Posted by Jason Polak on 27. December 2017 · 2 comments · Categories: commutative-algebra · Tags:

Let $R$ be a commutative ring. Two idempotents $e$ and $f$ are called orthogonal if $ef = 0$. The archetypal example is $(0,1)$ and $(1,0)$ in a product ring $R\times S$.

Let $e$ and $f$ be orthogonal idempotents. Then the ideal $(e,f)$ is equal to the ideal $(e + f)$. To see, this first note that $(e + f)\subseteq (e,f)$. On the other hand:
$$(1-e)(e + f) = e + f – e – ef = f$$
Therefore $f \in (e + f)$. Switching $e$ and $f$ in this calculation shows that $e\in (e + f)$. Using the fact that $e + f$ is also an idempotent, we see that by induction, if $e_1,\dots,e_n$ are pairwise orthogonal idempotents, then the ideal $(e_1,\dots,e_n)$ is generated by the single element $e_1 + \dots e_n$.
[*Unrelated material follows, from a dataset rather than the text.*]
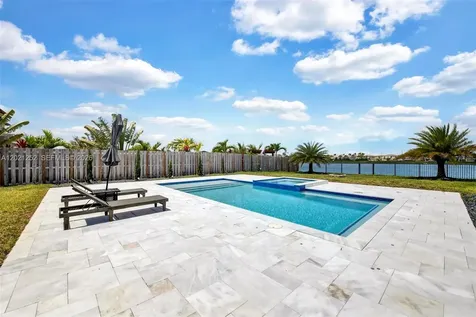 10333 SW 232nd Street Cutler Bay FL 33190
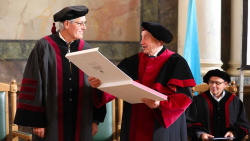 Embedded thumbnail for Урочиста церемонія вручення диплома Почесного професора Юрію Бобалу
Now suppose $e$ and $f$ are idempotents that are not necessarily orthogonal. Then $(e,f)$ is still a principal ideal. To see this, consider the element $e – ef$. The calculation
$$(e – ef)^2 = e – 2ef + ef = e – ef$$
shows that $e – ef$ is an idempotent. Furthermore, $(e,f) = (e – ef,f)$ and $e-ef$ and $f$ are orthogonal idempotents. By what we discussed in the previous paragraph, $(e,f) = (e-ef,f)$ is generated by $e – ef + f$.

Everything we did assumed $R$ was commutative. But what if we foray into the land of noncommutative rings? Is it still true that a left-ideal generated by finitely many idempotents is also generated by a single idempotent? Any ideas?